In the Electoral College, states leaning Republican gained two votes while states leaning Democratic lost two. However, the adjustments have a far more significant effect than a mere four-vote swing. The modifications enable Trump to secure victory in the 2024 presidential election with a reduced number of states compared to the threshold set in 2020.

In 2020, for instance, had Trump defeated Biden in Arizona, Wisconsin, and Georgia, all of which were states he failed to win, he would have been one vote short of the 270 Electoral College votes necessary to secure an uncontested victory. However, after adjusting for 2024, Trump would possess 272 ballots.

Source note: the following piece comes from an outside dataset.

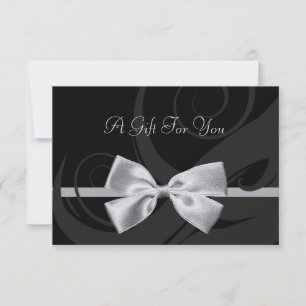 Carte Élégant Black Curls Silver Bow Certificat cadeau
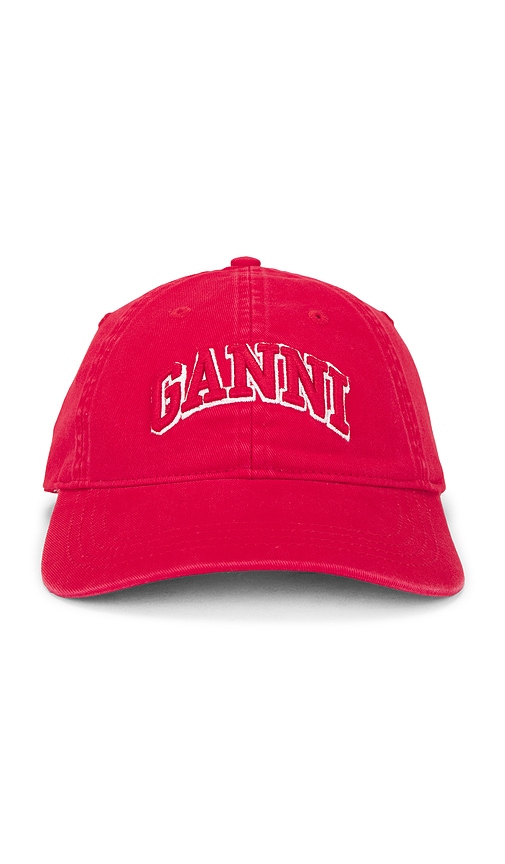 Washed Cotton Canvas Embroidered Cap in Red.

Similarly, having Trump won Georgia and Pennsylvania in 2020, Biden would have retained sufficient ballots to secure the presidency, all else being equal. Based on the 2024 vote tally, Trump would secure the victory with precisely 270 votes in the given situation. Furthermore, the 2024 modifications to the Electoral College apportionment would have had an effect in numerous other circumstances as well. The new Electoral College vote count could potentially impact various scenarios. Upon reviewing the hypothetical situations, it became evident that Trump, and not Biden, would emerge victorious.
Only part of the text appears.